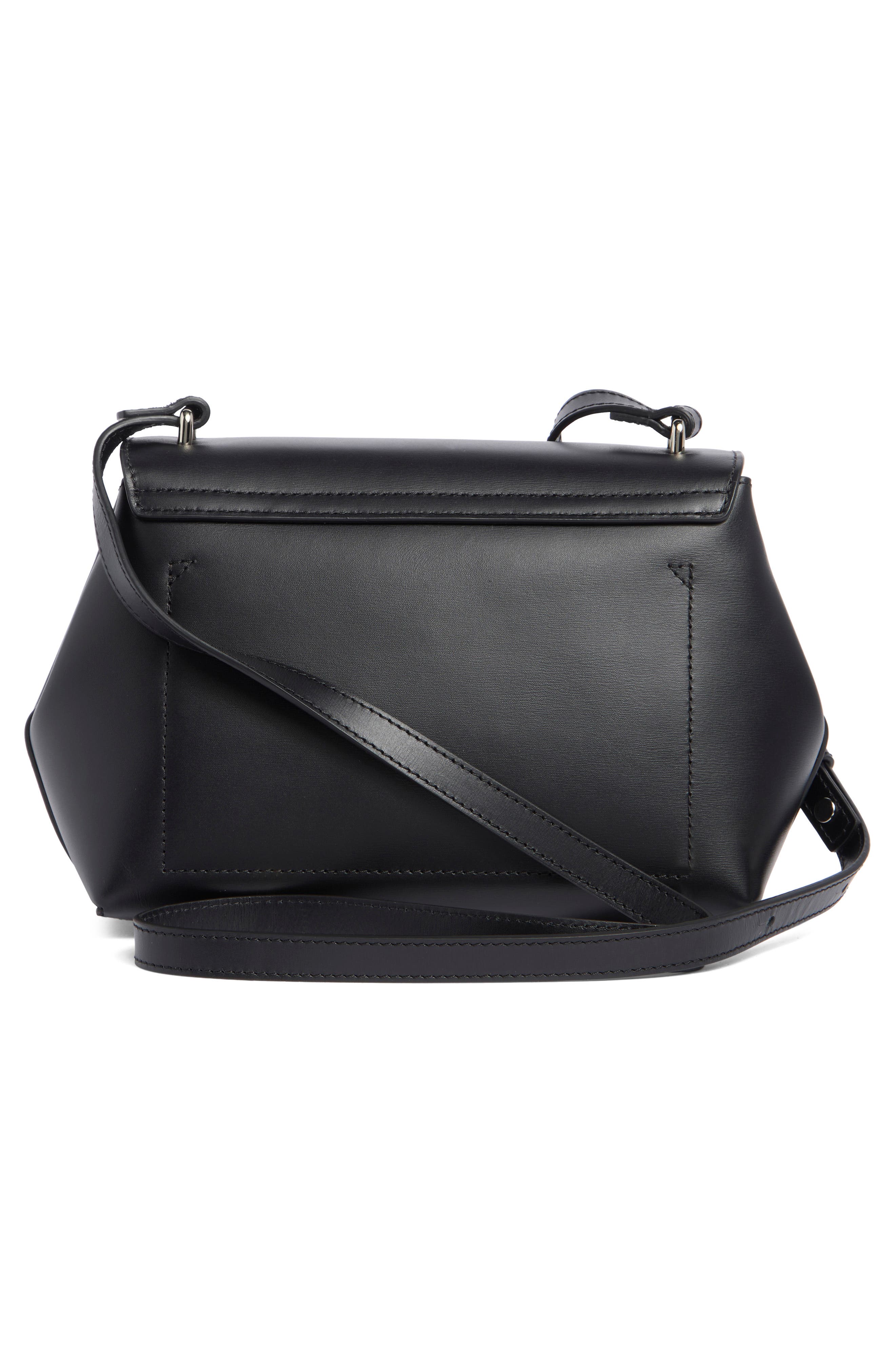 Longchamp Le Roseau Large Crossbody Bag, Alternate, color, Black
┄┄┄┄┄┄┄┄┄┄
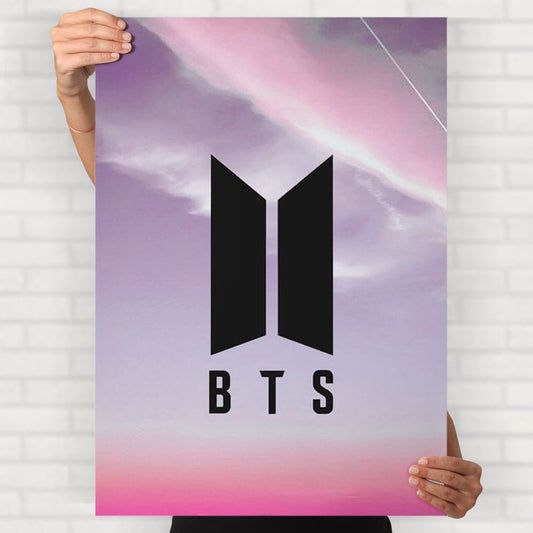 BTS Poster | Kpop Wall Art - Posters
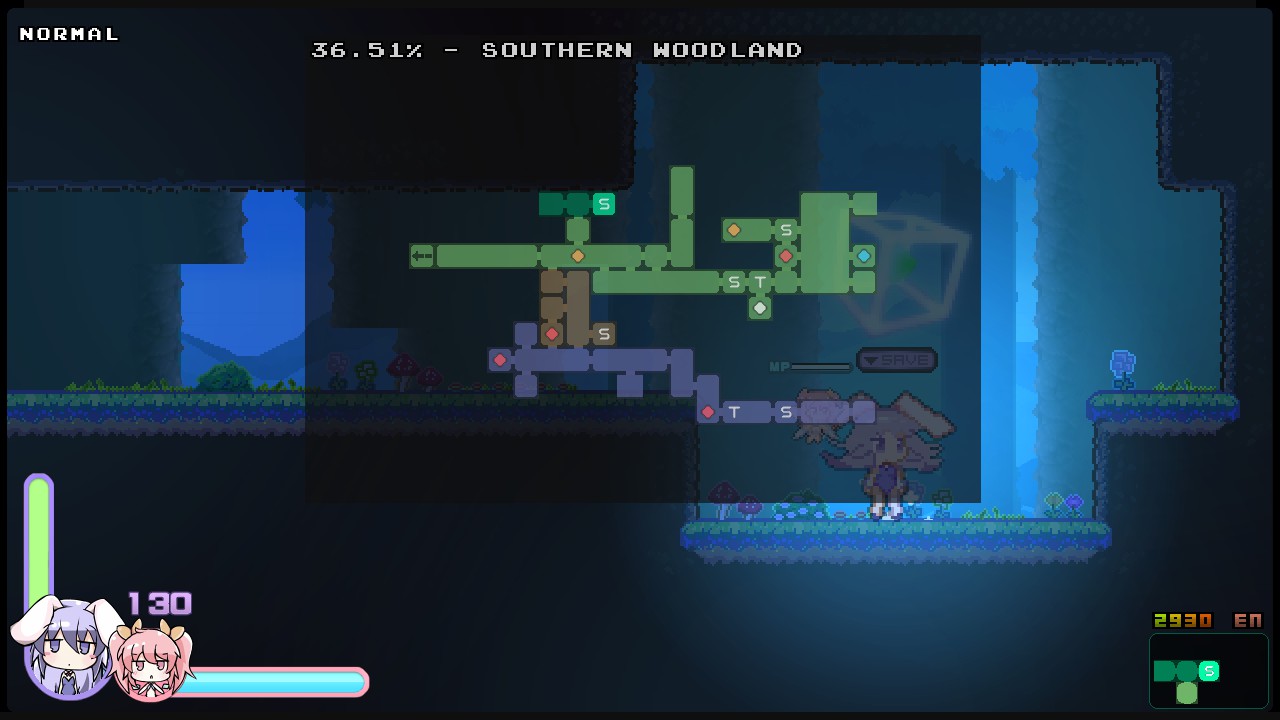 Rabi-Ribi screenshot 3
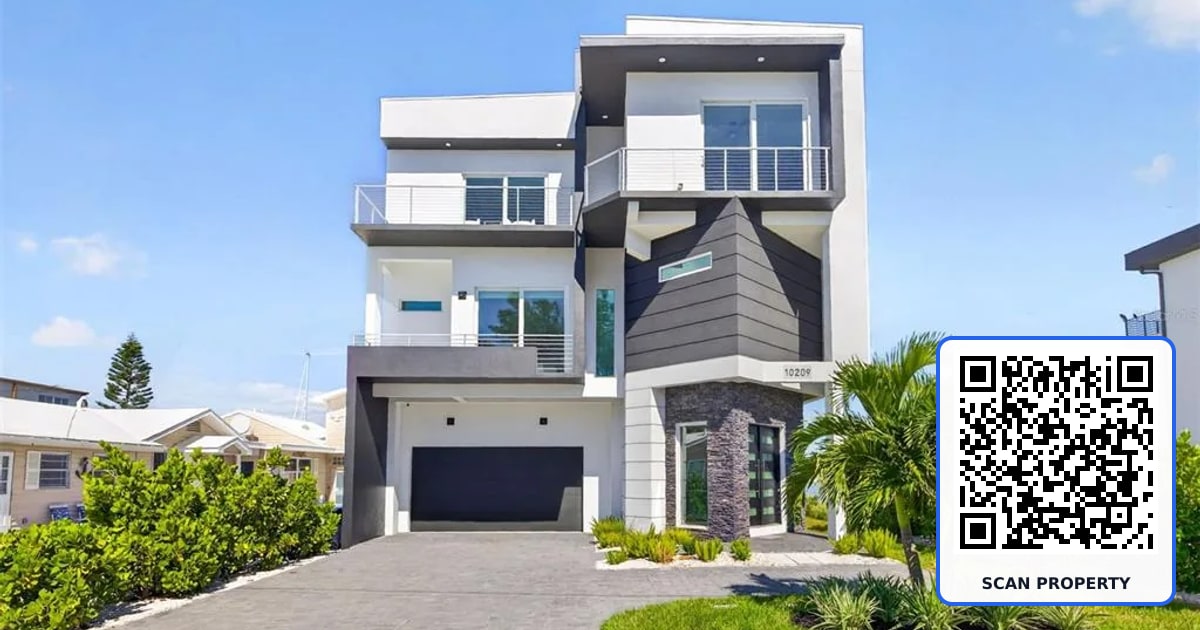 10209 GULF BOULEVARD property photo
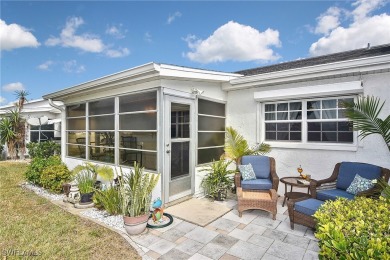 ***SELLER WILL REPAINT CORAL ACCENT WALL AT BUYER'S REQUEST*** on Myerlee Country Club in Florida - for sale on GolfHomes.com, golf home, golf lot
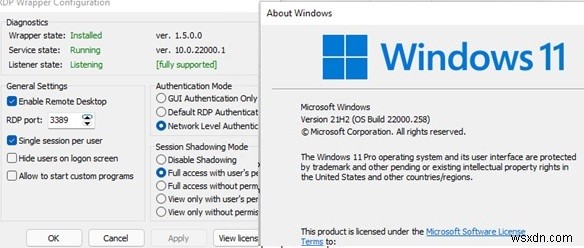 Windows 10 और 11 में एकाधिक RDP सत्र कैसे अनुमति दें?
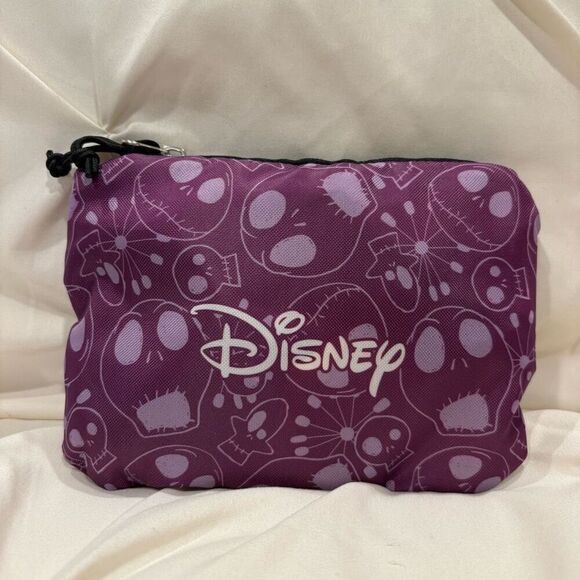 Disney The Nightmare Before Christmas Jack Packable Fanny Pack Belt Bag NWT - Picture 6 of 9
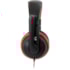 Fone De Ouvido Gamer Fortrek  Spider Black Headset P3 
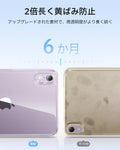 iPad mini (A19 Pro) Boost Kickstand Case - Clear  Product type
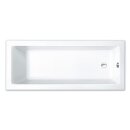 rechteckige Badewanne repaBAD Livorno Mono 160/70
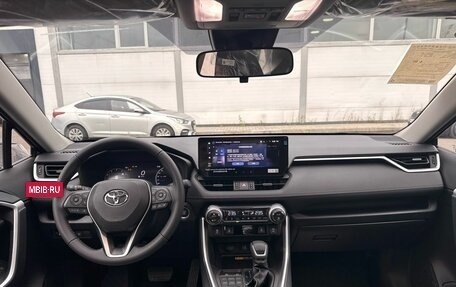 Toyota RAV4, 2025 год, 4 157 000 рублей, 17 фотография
┄┄┄┄┄┄┄┄┄┄
Activity
Your task is to copy only the lines above starting at the one containing "Rabi-Ribi screenshot 3" and ending at the one containing "iPad mini (A19". Copy them exactly, both ends included, and omit the pictures.

Answer box
 Rabi-Ribi screenshot 3
 10209 GULF BOULEVARD property photo
 ***SELLER WILL REPAINT CORAL ACCENT WALL AT BUYER'S REQUEST*** on Myerlee Country Club in Florida - for sale on GolfHomes.com, golf home, golf lot
 Windows 10 और 11 में एकाधिक RDP सत्र कैसे अनुमति दें?
 Disney The Nightmare Before Christmas Jack Packable Fanny Pack Belt Bag NWT - Picture 6 of 9
 Fone De Ouvido Gamer Fortrek  Spider Black Headset P3 
 iPad mini (A19 Pro) Boost Kickstand Case - Clear  Product type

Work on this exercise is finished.